I will note a couple activities that are the GitLab API may not provide data for:
Change of a maintainer to owner will not report a permission change as they hold the same level in GitLab.
Adding a new user to owner will report the same as adding a maintainer.
There is no easy way to determine if it was Project Ownership that added the user except to assume if its one of the 'known' queue admins that performed the action (and that they joined/left the project in rapid succession) that it may have been project ownership queue.Not to complexly discount it, the activity stream is useful, there are just a few edge cases it may not be able to capture.
- 🇳🇴Norway gisle Norway
IMHO, the peer review of the code committed to a project is much more important to discover supply chain attacks than the proposed highlighting the log of maintainer level changes.
Of course, implementing this highlighting wouldn't do any harm, but resources is always in short supply, and any benefit this proposed measure might bring will probably not be worth the expense of implementing it.
But if anyone wants to donate resources to implement what is sought here, please go ahead!
- 🇺🇸United States dww
It has been an ongoing regret that when I very first implemented the project level permissions and maintainers tab on d.o, that I didn’t build this into it from the beginning. 😢 Completely aside from the supply chain aspects and whether end users would care to see it, simply for the benefit of d.o site admins to figure out WTF is going on in various conflicts and disagreements that have come up, it would have been incredibly handy.
Also note that while issues are planned to migrate to GitLab, AFAIK, the long term plan is to keep both project nodes and releases on d.o. So the fact GitLab has a feed for some useful things doesn’t solve that the historical view of changes to the “maintainership” is lacking and would be useful, even outside the scope of the parent meta.
There’s probably an issue somewhere in the GitLab migration family of issues about how to keep project-level permissions in sync between the two worlds, but I don’t have a handy link.

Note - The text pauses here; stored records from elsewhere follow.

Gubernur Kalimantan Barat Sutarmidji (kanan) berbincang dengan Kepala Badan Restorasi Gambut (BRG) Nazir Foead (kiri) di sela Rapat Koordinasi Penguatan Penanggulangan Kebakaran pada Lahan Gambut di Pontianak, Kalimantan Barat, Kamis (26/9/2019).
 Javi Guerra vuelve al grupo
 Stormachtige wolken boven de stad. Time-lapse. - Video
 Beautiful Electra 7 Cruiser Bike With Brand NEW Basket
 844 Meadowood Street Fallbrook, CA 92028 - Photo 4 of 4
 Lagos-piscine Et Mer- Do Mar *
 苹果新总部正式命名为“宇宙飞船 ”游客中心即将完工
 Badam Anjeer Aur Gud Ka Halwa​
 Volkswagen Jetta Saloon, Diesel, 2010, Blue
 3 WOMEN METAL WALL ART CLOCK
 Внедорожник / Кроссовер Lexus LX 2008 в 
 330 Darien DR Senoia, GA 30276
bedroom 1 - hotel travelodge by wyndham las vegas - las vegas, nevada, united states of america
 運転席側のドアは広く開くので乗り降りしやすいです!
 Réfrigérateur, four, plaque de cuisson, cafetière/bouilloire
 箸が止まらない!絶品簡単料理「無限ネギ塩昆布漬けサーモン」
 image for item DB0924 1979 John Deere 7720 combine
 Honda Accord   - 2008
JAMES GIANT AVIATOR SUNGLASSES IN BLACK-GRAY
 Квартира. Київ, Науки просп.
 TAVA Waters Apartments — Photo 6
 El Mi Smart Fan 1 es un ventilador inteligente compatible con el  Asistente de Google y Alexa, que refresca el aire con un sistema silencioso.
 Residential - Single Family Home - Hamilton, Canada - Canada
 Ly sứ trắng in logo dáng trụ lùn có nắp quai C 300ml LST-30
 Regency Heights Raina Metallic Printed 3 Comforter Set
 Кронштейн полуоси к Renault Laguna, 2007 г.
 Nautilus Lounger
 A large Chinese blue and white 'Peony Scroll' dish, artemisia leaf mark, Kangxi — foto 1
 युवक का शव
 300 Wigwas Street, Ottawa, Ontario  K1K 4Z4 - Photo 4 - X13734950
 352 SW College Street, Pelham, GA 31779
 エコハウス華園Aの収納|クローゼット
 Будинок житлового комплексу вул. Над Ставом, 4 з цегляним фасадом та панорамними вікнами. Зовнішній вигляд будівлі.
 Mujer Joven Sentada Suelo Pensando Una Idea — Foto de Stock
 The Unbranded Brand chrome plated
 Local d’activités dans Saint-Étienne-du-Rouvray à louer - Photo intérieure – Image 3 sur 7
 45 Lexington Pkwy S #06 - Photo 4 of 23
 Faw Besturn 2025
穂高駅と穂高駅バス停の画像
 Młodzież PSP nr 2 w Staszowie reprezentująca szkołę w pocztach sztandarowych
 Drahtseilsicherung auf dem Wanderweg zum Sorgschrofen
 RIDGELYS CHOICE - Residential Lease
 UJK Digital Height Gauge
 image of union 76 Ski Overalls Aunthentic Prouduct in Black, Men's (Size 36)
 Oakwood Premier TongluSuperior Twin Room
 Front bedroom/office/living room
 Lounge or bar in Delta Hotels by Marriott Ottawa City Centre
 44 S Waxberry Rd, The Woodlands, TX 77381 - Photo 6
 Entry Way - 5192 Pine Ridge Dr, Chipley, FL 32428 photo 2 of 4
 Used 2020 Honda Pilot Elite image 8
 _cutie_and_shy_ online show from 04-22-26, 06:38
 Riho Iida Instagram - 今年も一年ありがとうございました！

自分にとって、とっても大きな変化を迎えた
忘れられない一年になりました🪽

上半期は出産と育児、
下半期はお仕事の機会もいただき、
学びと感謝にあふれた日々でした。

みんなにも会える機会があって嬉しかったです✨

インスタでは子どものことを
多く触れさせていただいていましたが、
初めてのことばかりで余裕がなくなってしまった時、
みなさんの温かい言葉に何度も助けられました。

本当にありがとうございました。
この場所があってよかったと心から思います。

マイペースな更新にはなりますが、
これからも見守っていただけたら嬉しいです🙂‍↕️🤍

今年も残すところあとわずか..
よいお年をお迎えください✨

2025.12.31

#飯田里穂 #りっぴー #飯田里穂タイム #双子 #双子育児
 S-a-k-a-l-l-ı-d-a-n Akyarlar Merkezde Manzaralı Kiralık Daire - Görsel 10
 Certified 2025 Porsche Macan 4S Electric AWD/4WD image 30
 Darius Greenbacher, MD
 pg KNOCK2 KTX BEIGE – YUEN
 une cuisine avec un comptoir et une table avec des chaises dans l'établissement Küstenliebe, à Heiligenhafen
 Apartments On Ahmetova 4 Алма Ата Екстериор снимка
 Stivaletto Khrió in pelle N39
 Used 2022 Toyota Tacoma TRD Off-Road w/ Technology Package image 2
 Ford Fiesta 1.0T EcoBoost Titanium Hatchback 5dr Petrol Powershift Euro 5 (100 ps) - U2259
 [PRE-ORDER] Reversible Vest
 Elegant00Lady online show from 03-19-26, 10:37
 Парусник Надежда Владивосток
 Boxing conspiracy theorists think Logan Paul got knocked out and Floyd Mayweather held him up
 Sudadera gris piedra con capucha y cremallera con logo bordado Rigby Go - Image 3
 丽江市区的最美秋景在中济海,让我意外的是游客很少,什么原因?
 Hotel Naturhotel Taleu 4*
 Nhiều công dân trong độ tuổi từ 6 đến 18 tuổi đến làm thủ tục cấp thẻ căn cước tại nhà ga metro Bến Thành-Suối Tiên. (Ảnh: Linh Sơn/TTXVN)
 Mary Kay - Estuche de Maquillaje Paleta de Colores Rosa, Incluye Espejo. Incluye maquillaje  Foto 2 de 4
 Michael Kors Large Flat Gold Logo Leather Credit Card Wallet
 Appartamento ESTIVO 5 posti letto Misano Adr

And yeah, the two have different models and not all perms cleanly map back and forth. It’s an unfortunate situation. If only 17 years ago me knew what I know now. 😂
- 🇮🇹Italy apaderno Brescia, 🇮🇹
I am not sure that showing a notice when project moderators add a new maintainer/co-maintainer or promotes a co-maintainer to maintainer covers the most important cases for which somebody should get a notice.
Now that maintainers/co-maintainers can remove themselves from the project from the GitLab side, even project owners can remove themselves from the project. That is an equally important change for which a notice should be shown.
What about the cases where, out of two maintainers (including the project owner, which is just a maintainer for which the permissions cannot be adjusted), a maintainer becomes inactive?
What about the cases where the project owner is no longer active, and a new maintainer is added by the existing maintainer?Showing a notice only when project moderators add or promote somebody seems to call out what project moderators do, as if they could have done anything wrong. Truly, the chances that a maintainer/co-maintainer added by project moderators does something wrong are the same chances that a maintainer/co-maintainer added by maintainers could do something wrong.
- 🇮🇹Italy apaderno Brescia, 🇮🇹
Probably this issue should be split in two: an issue for logging when there is a change in the permissions people have on a project, and an issue for when showing a notice in the project page.
That is if the notice is shown only for actions project moderators do, which is not a concept the Project module have.